Tetaplah bersyukur dalam keadaan Sehat ataupun Sakit

Bismillaahirrahmaanirrahiim
Sehat adalah kondisi yang didambakan oleh setiap orang, tak peduli ia seorang muslim atau non muslim. Manusia, tak terkecuali dari kalangan mana pun pasti tahu ia sedang diberi kesehatan atau sebaliknya, tengah dilanda kesakitan.
Dalam kamus kehidupan, sehat dan sakit adalah dua hal yang berpasangan seperti berpasangannya pria dan wanita, atau kaya dengan miskin. Sehat dan sakit menjadi sahabat setia yang menemani manusia sejak terlahir sebagai bayi hingga masa aktif hidupnya berhenti.
Bukan rahasia lagi kalau mayoritas manusia menginginkan sehat daripada sakit, seolah-olah sakit menjadi musuh yang wajib dihindari keberadaannya, dan sehat adalah sahabat sejati yang harus selalu ada.
Sebagai mahluk yang diciptakan Allah yang menemani perjalanan hidup manusia, sehat dan sakit adalah dua kondisi yang jelas berbeda, dan tentu saja keduanya harus disikapi dengan perlakukan dan sikap yang tidak sama.

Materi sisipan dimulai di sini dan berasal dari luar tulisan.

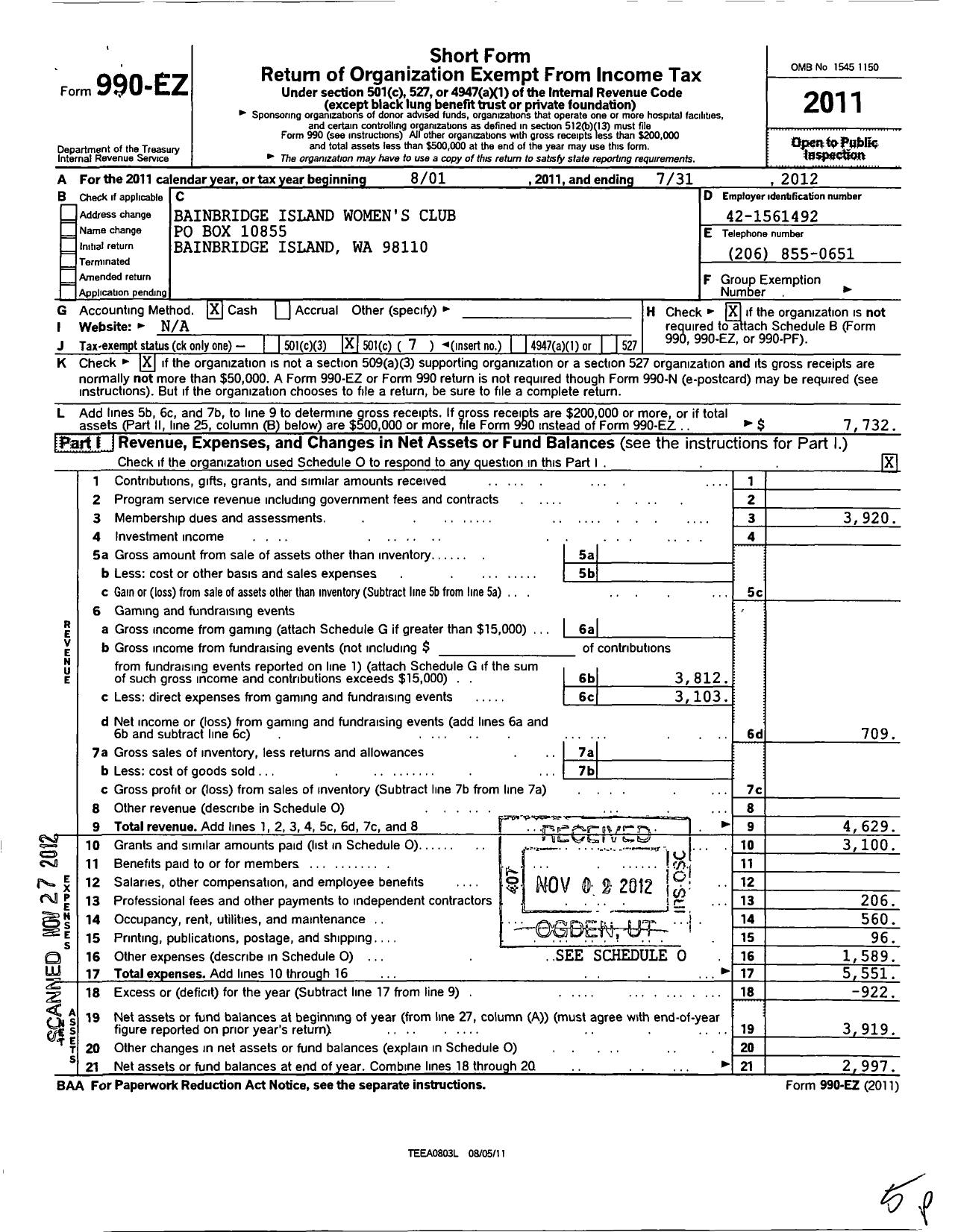 Image of first page of 2011 Form 990EO for Bainbridge Island Womens Club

Rasulullah mengajarkan untuk banyak bersyukur ketika Allah memberikan kesehatan dan menyiasati dengan kesabaran ketika rasa sakit tengah mendera kehidupan. Secara umum memang seperti itu adanya, tidak ada yang merasa keberatan jika pada saat diberi kesehatan, sikap yang ditampakkan adalah rasa syukur penuh ketulusan, namun apakah sikap bersyukur dan bersabar mampu dilakukan ketika rasa sakit diberikan?
Tentu saja tidak semua orang bisa melantunkan rasa syukur dan meningkatkan kesabaran yang tinggi ketika diberi rasa sakit. Padahal kita semua tahu bahwa "khoirihi wa syarrihi minallah" semua yang baik dan yang buruk itu hakikatnya dari Allah.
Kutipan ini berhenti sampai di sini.